Tandvlees

Algemeen

Het tandvlees (lat. Gingiva, Grieks ulis) maakt deel uit van het tandondersteuningssysteem en vertegenwoordigt de epitheliaal Een deel.
Omdat het tandvlees een onderhuids weefsel heeft (Subcutis) ontbreekt, kan deze niet worden verplaatst. Bovendien kan het tandvlees niet worden gereproduceerd.

Structuur van het tandvlees

Histologisch is het Tandvlees van een meerlagig plaveiselepitheel met nauwelijks hoornlaagjes.
Zelfs als het tandvlees niet volledig kan worden gereproduceerd, heeft het slijmvlies een hoog regenererend vermogen en geneest het daarom zeer snel.

Tussen iedereen tand en de Tandvlees er is een kleine tandvleesgroef (Gingival sulcus). Deze groef zit in gezond tandvlees ongeveer 2 mm diep. Het binnenste epitheel is naar deze groef gericht.
Het is verdeeld in het sulcus-epitheel, dat vrij over de tand glijdt, en het adhesieve epitheel. De Zelfklevend epitheel is door middel van kleine verbindende cellen (Hemidesmosomen) verbonden met het wortelcement. Het tandvlees is driehoekig tussen de afzonderlijke tanden.
Deze kauwgom heet Interdentale papilla (Interdentale papilla) aangewezen.
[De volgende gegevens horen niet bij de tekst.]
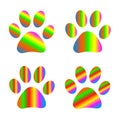 Multicolored gradient design paws animals icons set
De grens tussen het tandvlees en het donkerrode mondslijmvlies, dat beweegbaar is, wordt genoemd Mucogingival-lijn (mucogingival grens) aangewezen.

kliniek

Omdat het tandvlees snel ontstoken kan raken, vooral in de kleine groeven (Ontsteking van het tandvlees/ Gingivitis), is een regelmatige en grondige reiniging van de Sulci noodzakelijk.
Deze reiniging is iets moeilijker omdat de groeven met de tandenborstel moeilijk te bereiken. Hierbij hoort een ontsteking van het tandvlees KiespijnRood worden van het tandvlees en bloeden van het tandvlees. Therapie en profylaxe zijn intensief Mondhygiëne (gebitsverzorging). Bovendien kunnen de tandvleesgroeven en inzinkingen worden vergroot en worden dan tandvleeszakken genoemd. Periodieke zakken van meer dan 2 mm Diepte als ziekte.